- It involves the original choice for three Westinghouse AP1000 nuclear reactors
- It requires the South Korean nuclear giant KEPCO to be the engineering procurement construction leader (EPC) but not the investor nor the reactor vendor
- It requires UK government to do three tremendous things (1) guarantee the electricity rates for the 60 year life of the plants (2) issues bonds backed by the rates to pay for the project, and (3) follow through with BREXIT to spike any possibility of interference Austria or anyone else in the EU with the rate case.
- It requires NuGen to get a new utility operator to replace Engie which bailed out of its 40% stake this week
Jonathan Swift’s original “Modest Proposal” was written to address the issue that there were too many children in Ireland and the UK that could not be fed and thus were starving.

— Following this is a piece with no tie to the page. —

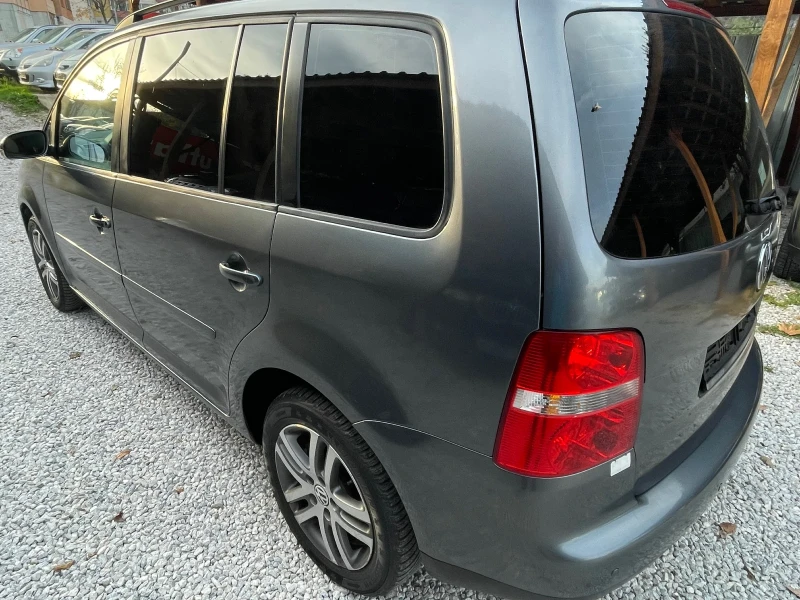 VW Touran TDI DSG, снимка 3 - Автомобили и джипове - 48007389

He considered the option of selling the children into slavery, but pointed out that no one would buy them since all were under the age of 12.
Written in 1729, the title of Swift’s essay offering logical suggestions for dealing in intractable problems involving the welfare of the entire society has become an idiomatic phase for ideas that attempt to do the same in the modern era. That’s what is presented here.
In the UK the nuclear project at Moorside in Cumbria has of late become starved for funds and has few, if any, immediate prospects for buyers due to its still being on the drawing board with no construction underway.
NuGen’s Moorside nuclear project to be located on a site near Sellafield, in Cumbria, is in real trouble and so is the UK. The nation needs the project, and its 3,300 MW of CO2 emission free power because the North Sea oil and gas fields have finite shelf lives and the first generation of UK nuclear power plants are reaching the end of their service lives.
There have been fast moving events this week as Toshiba, the parent company of Westinghouse, its American business unit, fired the management team there and also filed for Chapter 11 bankruptcy in New York. Toshiba was also required to take over the 40% equity stake in the NuGen project held by Engie, formerly GDF Suez, which per contract demanded to be released from its commitments.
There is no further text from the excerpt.